The Athens Resource Extraction and Waste Disposal Monitoring and Mitigation Program made it so companies who want to mine or extract resources in Athens must get a license from the city.

For every instance of local government preemption, Athens City Council also writes a resolution stating their opposition. Fahl is usually the one to write those resolutions.

Those resolutions are sent to a slew of officials including Rep. Jay Edwards, Sen. Frank Hoagland and Gov. DeWine, among others.

A resolution on House Bill 242 was passed and sent, according to a previous Post report. It stated Council’s opposition to the bill and urged the Ohio state government to take additional action.

“Athens City Council hereby declares its opposition to House Bill 242, as it continues to preempt municipal Home Rule authority by prohibiting municipalities the opportunity to govern the use of disposable single-use plastic,” according to the resolution.

The fight for home rule extends all over the state. The Ohio Municipal League, based in Columbus, represents municipalities across the state, including Athens. The nonprofit mostly engages with the legislative branch by lobbying and meeting with administrators to advocate for the rights of municipalities.

Ashley Brewster, director of communications for the Ohio Municipal League, said the nonprofit’s work often includes issues of home rule.

“We try to alert members when testimony for bills that are especially impactful preemptions against Home Rule are up for hearing so that ... local leaders can either come to the statehouse and testify in opposition to them, or if there's a bill that we really like, we want them to come to the statehouse and support it,” Brewster said.
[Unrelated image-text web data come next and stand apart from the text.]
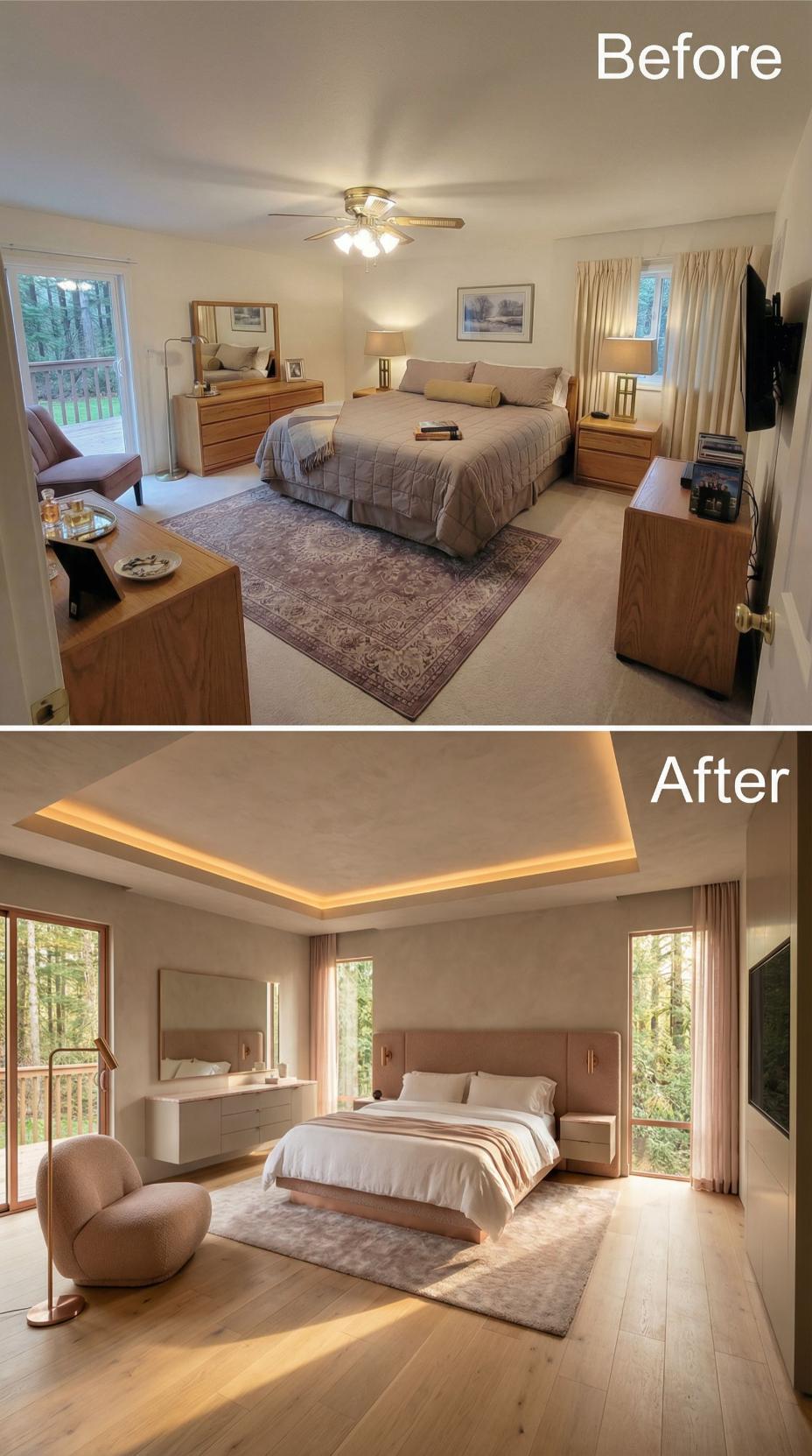 Tray Ceiling with Cove Lighting and Wide-Plank Oak Floor Retire Beige Carpet and a Ceiling Fan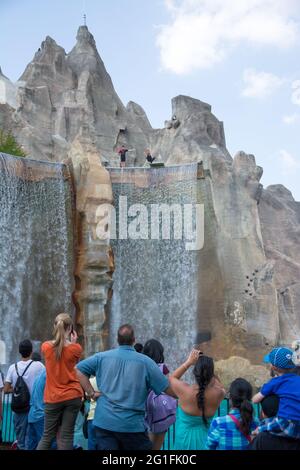 Die Zuschauer beobachten die Show, indem sie aus einer Höhe ins Wasser springen. Leute, die am Wochenende Spaß haben. Stockfoto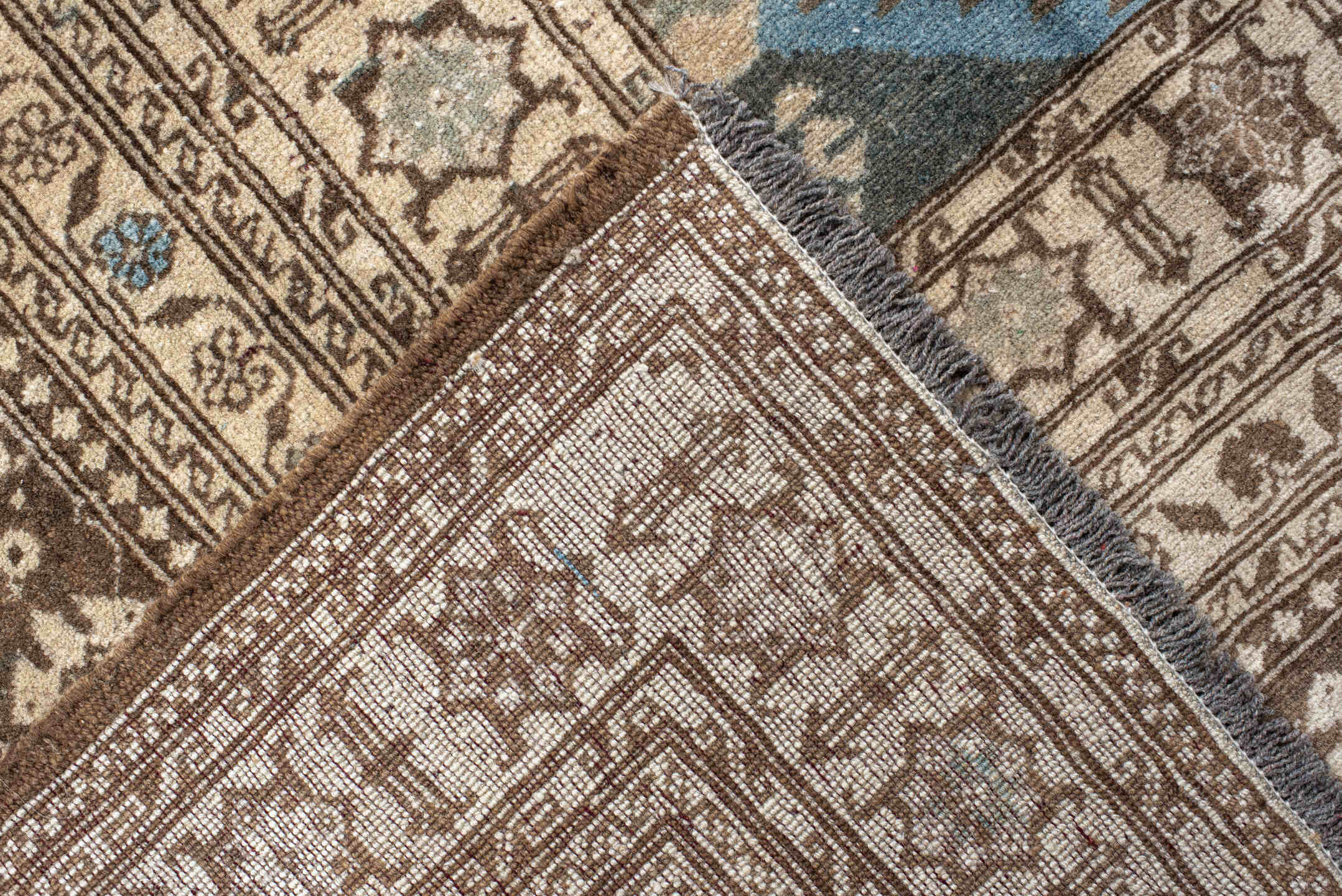 9' x 15' one-of-a-kind handmade vintage Afghan rug. Color palette: black, blue, brown, dim gray, gray, light gray, off-white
One of the major bills the Ohio Municipal League, or OML, has worked against is House Bill 242. OML has offered opposition testimony on the bill.

“(House Bill 242 is) not moving,” Brewster said. “But we’re definitely, that's one of the bigger ones that we've been tracking on behalf of our members.”

In one of the biggest issues of local government preemption, Athens joined a lawsuit with other cities throughout Ohio to oppose a state-mandated communication law, according to a previous Post report. That law would allow communication companies, such as AT&T, to put their equipment on light poles and traffic lights throughout Ohio cities.

Joining the lawsuit cost the city $6,000, according to the previous report. Risner said the suit is still ongoing, but progress has been slow.

The lawsuit was initiated in 2017 and marked continuing government preemption that the city and others around the state continue to fight.

Risner and Fahl both agree that they could see Athens engaging in additional litigation down the road to protect their right to home rule.

“We would jump into a suit and try and take it to court,” Risner said. “You may lose, but you go down swinging.”